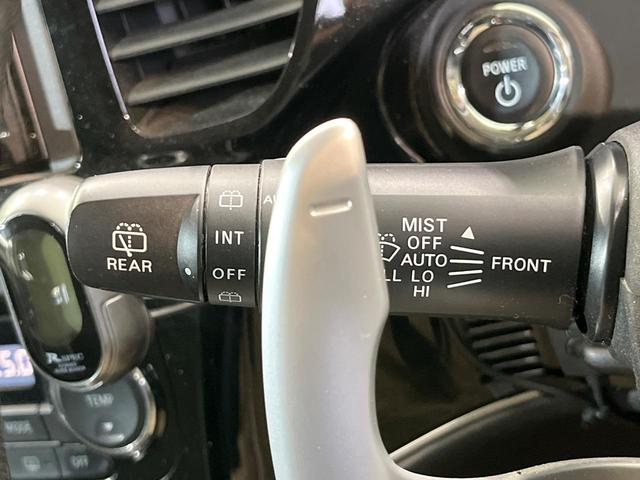 アウトランダーPHEV Gセーフティパッケージ 4WD SDナビ バックカメラ 衝突被害軽減システム レーダークルーズ 禁煙車 ドラレコ スマートキー HIDヘッド ETC オートライト デュアルエアコン 純正18インチアルミ Bluetooth(24枚目)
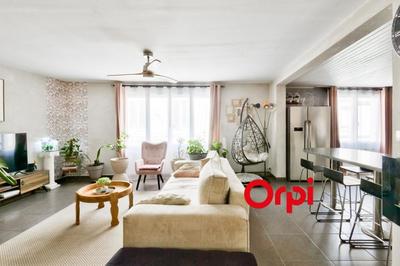 Duplex - 144 m² - 5 pièces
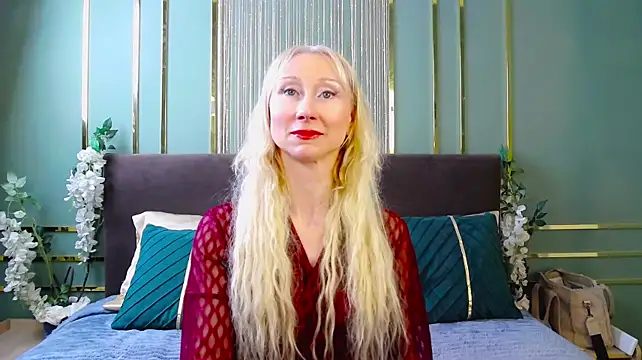 KissDreamm live cam on StripChat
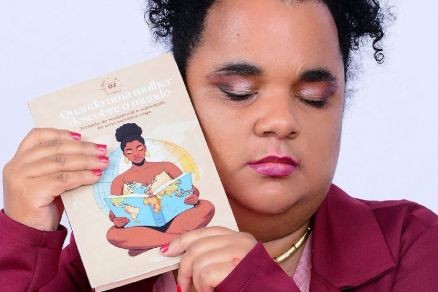 Cega desde os 3 anos, escritora lança livro em Cuiabá nesta quinta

★ ★ ★ ★

§ PROBLEM TO WORK ON
Only the lines from the one with "KissDreamm live cam on StripChat" through the end of the listing should be transcribed, exactly and without pictures.

§ YOUR SOLUTION
 KissDreamm live cam on StripChat
 Cega desde os 3 anos, escritora lança livro em Cuiabá nesta quinta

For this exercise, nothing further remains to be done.